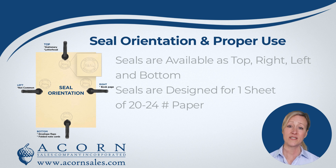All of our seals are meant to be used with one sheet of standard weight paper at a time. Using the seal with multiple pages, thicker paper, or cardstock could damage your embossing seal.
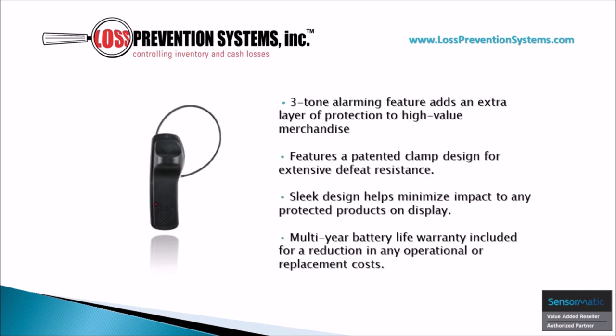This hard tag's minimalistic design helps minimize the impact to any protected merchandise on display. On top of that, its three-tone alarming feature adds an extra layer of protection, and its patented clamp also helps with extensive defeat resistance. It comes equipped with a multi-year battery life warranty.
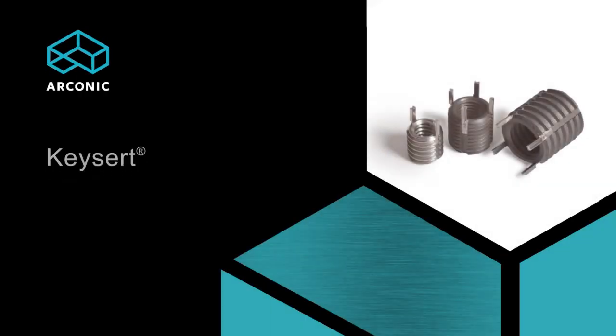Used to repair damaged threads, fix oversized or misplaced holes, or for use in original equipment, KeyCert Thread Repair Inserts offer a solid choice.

* * *

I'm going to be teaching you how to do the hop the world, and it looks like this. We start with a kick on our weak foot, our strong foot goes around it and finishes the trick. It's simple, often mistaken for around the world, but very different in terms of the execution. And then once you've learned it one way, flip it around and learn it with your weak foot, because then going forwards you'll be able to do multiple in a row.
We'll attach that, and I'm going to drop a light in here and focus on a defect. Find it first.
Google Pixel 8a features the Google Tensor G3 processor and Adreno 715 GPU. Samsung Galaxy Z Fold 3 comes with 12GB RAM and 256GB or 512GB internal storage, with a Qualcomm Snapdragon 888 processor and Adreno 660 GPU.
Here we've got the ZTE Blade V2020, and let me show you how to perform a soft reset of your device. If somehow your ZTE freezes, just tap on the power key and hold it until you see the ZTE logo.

WHAT YOU HAVE TO DO
All that should be written out is the stretch of lines above between the one holding "We'll attach that, and" and the one holding "Here we've got", inclusive, exactly as given.

ANSWER BELOW
We'll attach that, and I'm going to drop a light in here and focus on a defect. Find it first.
Google Pixel 8a features the Google Tensor G3 processor and Adreno 715 GPU. Samsung Galaxy Z Fold 3 comes with 12GB RAM and 256GB or 512GB internal storage, with a Qualcomm Snapdragon 888 processor and Adreno 660 GPU.
Here we've got the ZTE Blade V2020, and let me show you how to perform a soft reset of your device. If somehow your ZTE freezes, just tap on the power key and hold it until you see the ZTE logo.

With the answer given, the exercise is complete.